Re: heads-up about "new" URLs section in HTML5 editor's draft from Robert J Burns on 2008-06-28 (public-html@w3.org from June 2008)

From: Robert J Burns <rob@robburns.com>
Date: Sat, 28 Jun 2008 22:10:26 +0300
To: Michael (tm) Smith <mike@w3.org>
Cc: public-html@w3.org
Message-Id: <42F797C0-61C5-44D9-B731-DBC6C444636F@robburns.com>
Hi Mike,

We used to have a general guideline in this WG where changes needed to  
be accompanied by use cases. However, from reading this message you  
sent and from reading the new changes to the draft, I have no idea  
either what change in definitions have been made to URL and IRI nor  
what real problems such changes would need to solve.

You say[1]:
> The rationale for redefining the term "URL" -- and for including
> the sections that specify URL parsing rules for user agents and
> how user agents must resolve URLs -- is provided in the "URLs"
> section introduction:


But obviously it does not follow that because user agents parse,  
resolve and otherwise handle URLs in ways specific to HTML5 UAs, tat  
the URLs and IRIs themselves need to be redefined. It should be  
sufficient to use the URL and IRI definitions as they are and add  
document conformance language surrounding "valid URL" along with  
defining how HTML5 UAs handle, resolve, parse and prepare URLs for  
HTTP (and otherwise) requests.

So why not accept and adopt the existing IRI and URL specifications in  
HTML5 and then specify document conformance norms for a "valid  
URL" (and a valid IRI if necessary). Then we can clearly define what  
characters require percent escaping within a document and how the URL  
will be delivered in schema requests.

Also the problematic edge cases that Philip, Ian, Julian and others  
have uncovered are both extremely problematic and very much edge  
cases. This is an area where we should be very careful (more so than  
previously) about codifying poor implementations. For example,  
Philip's discovery that percent escaped UTF-8 and escaped UTF-16 do  
not always get sent as they should is not something we should  
encourage[2] (FireFox appears to be the only one doing the right thing  
here). Fixing this will make sites work in a more interoperable way.

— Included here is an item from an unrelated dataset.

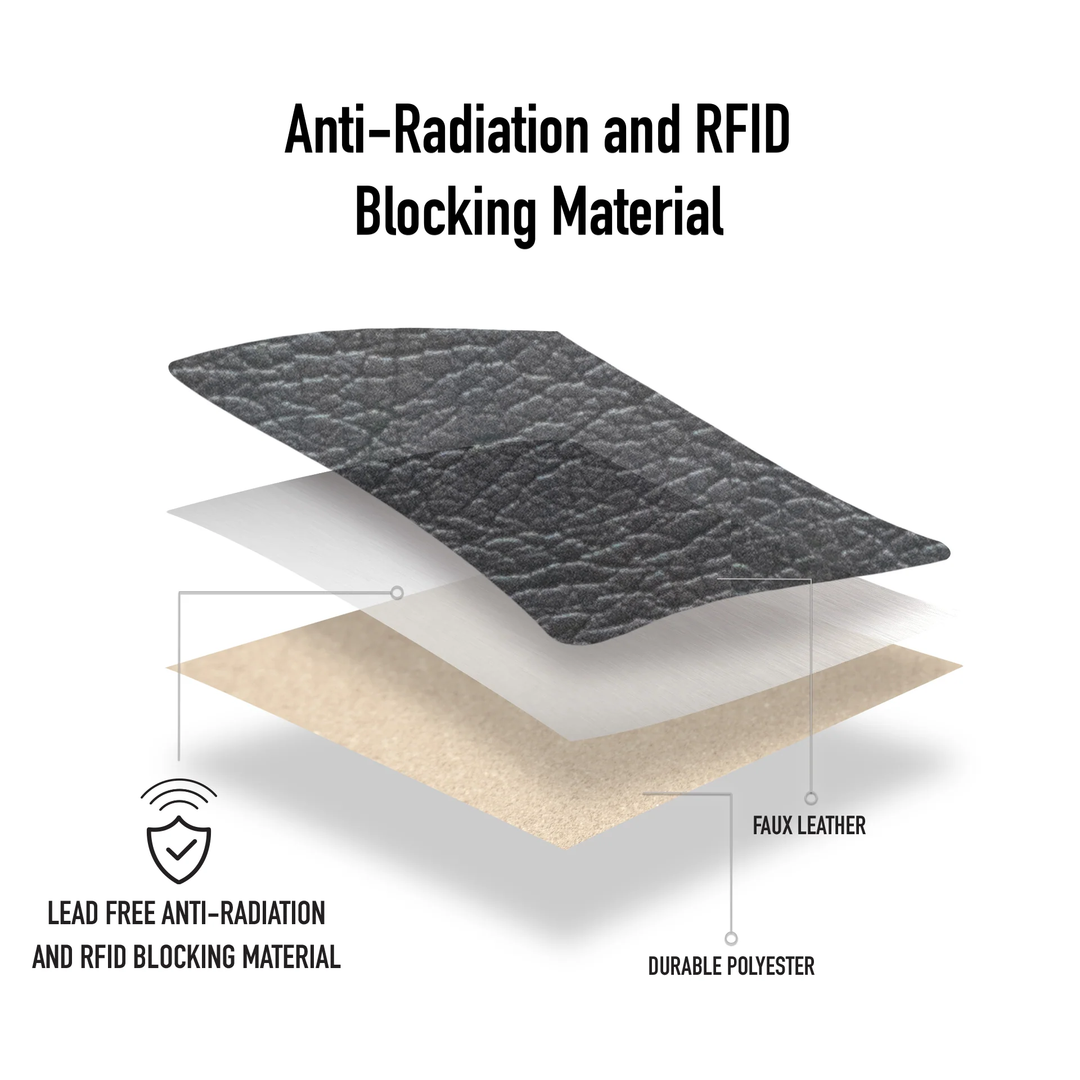 Caseco | Bond II Samsung Galaxy S21 Ultra - Black | C3766-01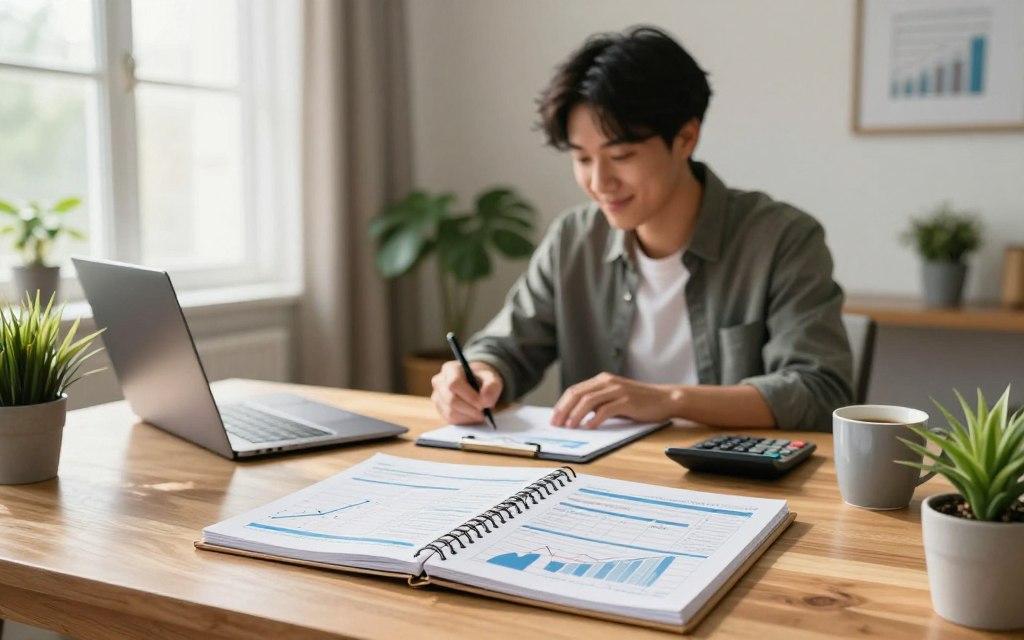 healthy money habits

Finally having UAs (and server agents) properly handle UTF-8 (%ww%xx%yy 
%zz) and UTF-16 (\uxxxx) will help transition to transmission of pure  
unicode URLs since authors can switch soon to escaping (as has been  
recommended for years) and HTML5 UAs could later escape all URLs with  
non-Latin characters for transmission in schema requests. In this way  
eventually authors could author URLs (and IRIs in this case) in the  
document’s encoding and the UA would handle the encoding for requests  
(either UTF-8 or UTF-16 as the UA or HTML5 sees fit for the particular  
characters involved in the IRI). Perhaps this is where Ian’s heading  
already it is impossible to tell from what’s in your email or in the  
spec so far.

So to summarize:

  1) adopt URLs and IRIs as specified elsewhere
  2) define HTML5 document conformance for author use of URLs and IRIs
  3) define HTML5 UA conformance for handling of URLs and IRIs  
(including for non-conforming URLs and IRIs)
  4) try to push HTML toward the transmission of pure UTF-8 and UTF-16  
(when necessary through percent-encoding) for URL and IRI requests

If there's some reason not to follow such an approach (especially for  
items one, two, and three together) then what are the use cases and  
problem statements that necessitate our divergence from the existing  
specifications?

Take care,
Rob

[1]: <http://lists.w3.org/Archives/Public/public-html/2008Jun/0348.html>
[2]: <http://lists.w3.org/Archives/Public/public-html/2008Jun/0358.html>
Received on Saturday, 28 June 2008 19:11:13 UTC